By: Anne E. Bromley | UVAToday
An award-winning writer of transatlantic literature will visit Grounds in April as the University of Virginia’s second Kapnick Distinguished Writer-in-Residence.
Caryl Phillips, whose work explores the African diaspora in the Caribbean, England and the United States, will come to the Department of English’s Creative Writing Program April 11 to 22 to teach a seminar and meet one-on-one with writers in the graduate and undergraduate programs. During his time at U.Va., he will also give a public lecture and a public reading.
Born in St. Kitts, Phillips was raised in Leeds, one of the largest cities in the United Kingdom, and studied English literature at Oxford University. Currently a professor of English at Yale University, he has published 10 novels and five collections of essays, as well as plays, screenplays and two anthologies.

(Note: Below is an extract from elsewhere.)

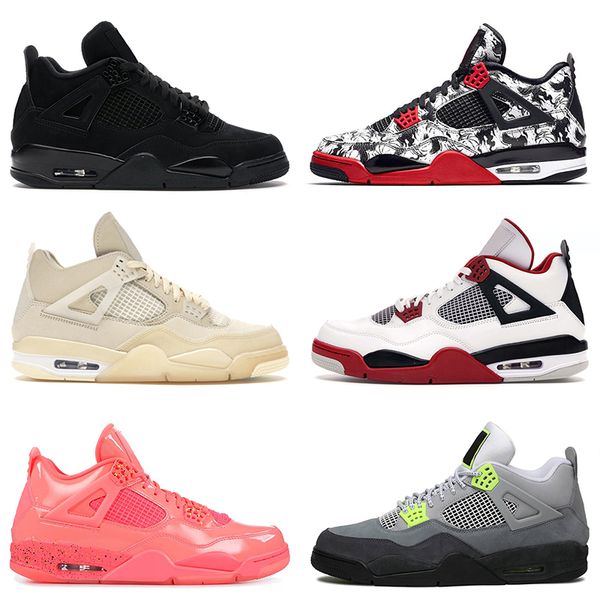 new jumpman 4 4s basketball shoes fashion mens womens sail tattoo fire red neon 95 white air designer retro trainers sport sneakers 36-47, White;red
new jumpman 4 4s basketball shoes fashion mens womens sail tattoo fire red neon 95 white air designer retro trainers sport sneakers 36-47, White;red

His work tackles issues of belonging and identity, race and immigration.
The Kapnick Distinguished Writer-in-Residence Program, launched last fall with James Salter (who died in June) as its first guest, was created in the tradition of William Faulkner’s legendary residencies at the University in 1957 and ’58. The program aims to bring writers of international stature to the Grounds to teach and engage with U.Va. students and the literary community.
Ian Baucom, U.Va.’s Buckner W. Clay Dean of Arts & Sciences said, “The Kapnick Distinguished Writer-in-Residence program builds on the tradition of Faulkner’s residencies, and we’re excited to have Caryl Phillips visit Grounds to inspire our talented student writers and to enrich the U.Va. community through his public events.”
“Caryl Phillips is seen by many as the father of Afro-British fiction,” Jeffery Renard Allen wrote in a May New York Times review of Phillips’ latest novel, “The Lost Child.” (Allen joined the faculty of U.Va.’s Creative Writing Program this semester.)